7. Notificadas as Recorrentes para se pronunciarem sobre a questão prévia suscitada pelo Ministério Público, pelas mesmas foi dito:
'1 –Salvo sempre o devido respeito pela opinião contrária, as Recorrentes estão convencidas que indicaram correctamente as normas que consideraram violadas no douto acórdão recorrido, pois;
2 – Reportando-se aos fundamentos daquele douto acórdão, bem como da douta decisão proferida em primeira instância, evidenciaram que os mesmos – pressupondo, como não podem deixar de pressupor e ter presente – o disposto nos Art.s 57º e 61º, nº 1, alíneas a) e f) do Código de Processo Penal, fizeram-no, todavia, interpretando e entendendo estas normas de forma que ofende o disposto no Art. 32º da Constituição da República Portuguesa'.
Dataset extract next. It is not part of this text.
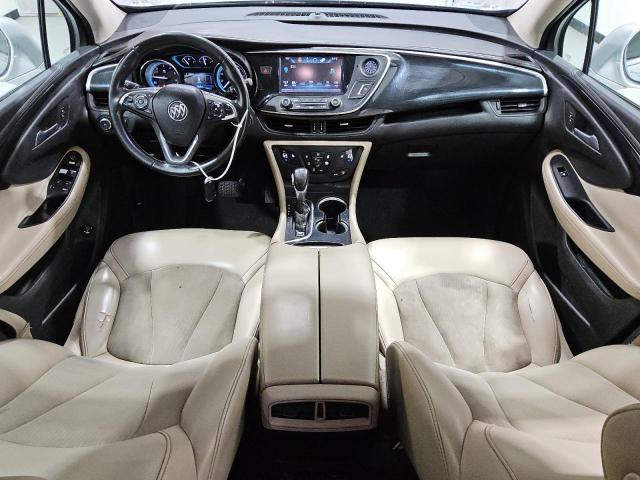 LRBFXASAXHD181600 - 2017 BUICK ENVISION PREFERRED Gümüş foto 8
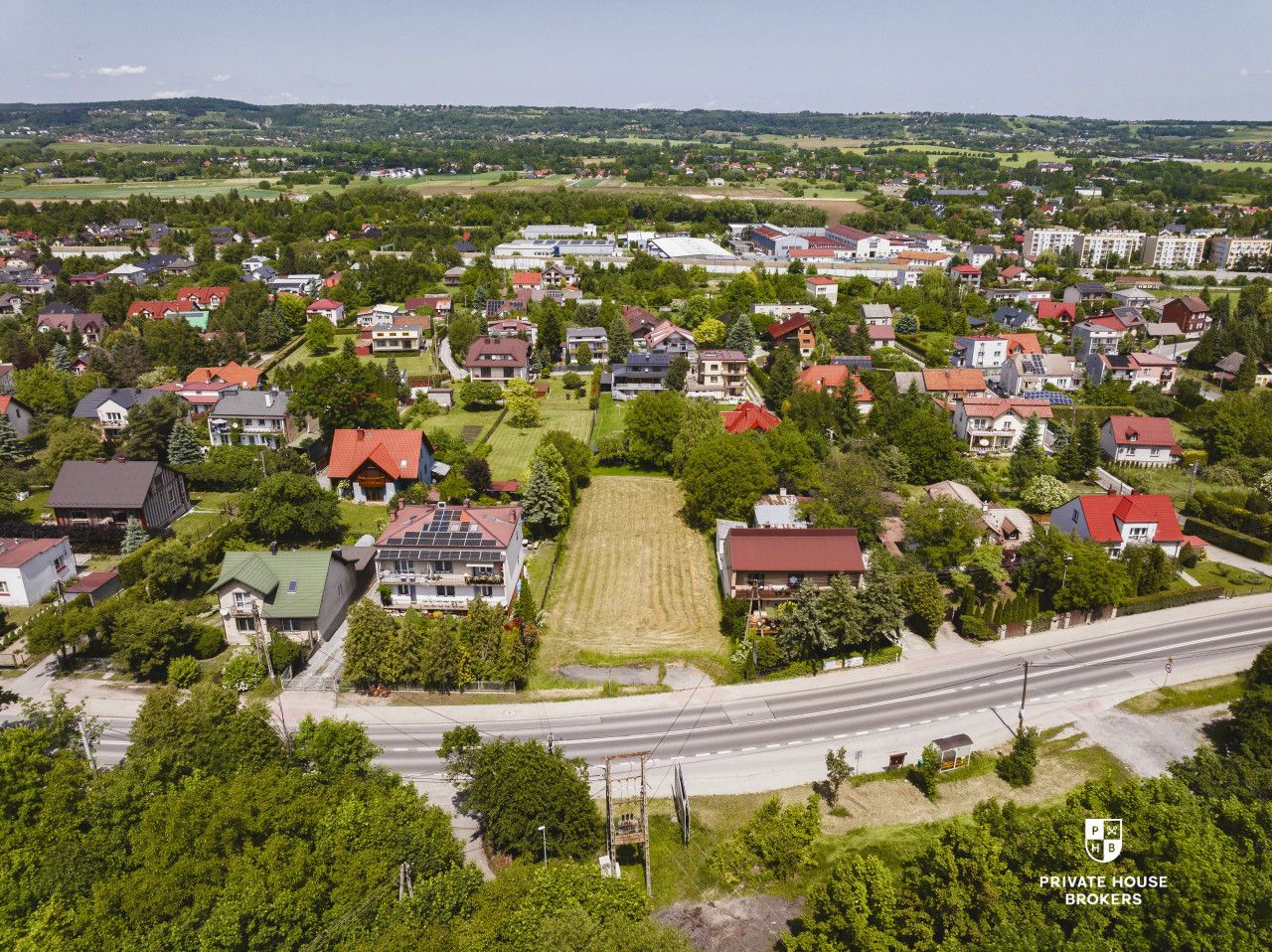 Building plot at Zabierzów - Lot - Sale - Krakowski, Zabierzów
Corridos os vistos legais, cumpre decidir. II – Fundamentação.
7. Questão prévia. Admissibilidade do recurso.
7.1. O recurso previsto na al. b) do nº 1 do artigo 70º da Lei do Tribunal Constitucional pressupõe, além do mais: a) que o recorrente tenha suscitado, durante o processo e de forma processualmente adequada, a inconstitucionalidade de determinada norma jurídica
- ou de uma sua interpretação normativa -; b) que, não obstante, a decisão recorrida a tenha efectivamente aplicado, como ratio decidendi, no julgamento do caso. In casu, é certo que as recorrentes suscitaram durante o processo - concretamente nas alegações de recurso que apresentaram junto do Tribunal da Relação de Coimbra - a inconstitucionalidade dos artigos 57º e 61º, nº 1, alíneas a) e f) do Código de Processo Penal, quando interpretados em termos de considerar que não conferem ao arguido e ao seu defensor o direito de estar presente e intervir nos actos de inquirição de testemunhas por si arroladas, a realizar na fase de instrução, que hajam sido delegados pelo juiz nos órgãos de polícia criminal. Controvertido é apenas que a decisão recorrida tenha efectivamente aplicado no julgamento do caso, como ratio decidendi, os preceitos invocados pelas recorrentes como objecto do recurso. De facto, na opinião do Exmº Procurador-Geral Adjunto, não foram essas as normas aplicadas pela decisão recorrida - que não lhes faz, aliás, qualquer referência
- como fundamento da improcedência do recurso, mas, antes, as relativas ao regime das nulidades e irregularidades dos actos processuais (maxime os artigos
119º, alínea c); 118º, nº 2; 122º e 123º), bem como as relativas ao 'regime consistente em o legislador apenas ter submetido ao princípio do contraditório os actos de instrução atinentes ao debate instrutório e às declarações para memória futura' (decorrente do estatuído nos artigos 289º, 294º e 297º do CPP). Acresce, ainda na opinião daquele Magistrado, que os preceitos invocados pelas recorrentes 'não têm sequer, no seu efectivo e real teor, qualquer conexão relevante com a problemática em questão'. Em suma: na opinião do Ministério Público não só aqueles preceitos não foram expressamente aplicados pela decisão recorrida como constituindo o seu fundamento normativo, como nunca o poderiam ter sido, porquanto nenhuma conexão têm com a específica questão jurídica controvertida. Vejamos.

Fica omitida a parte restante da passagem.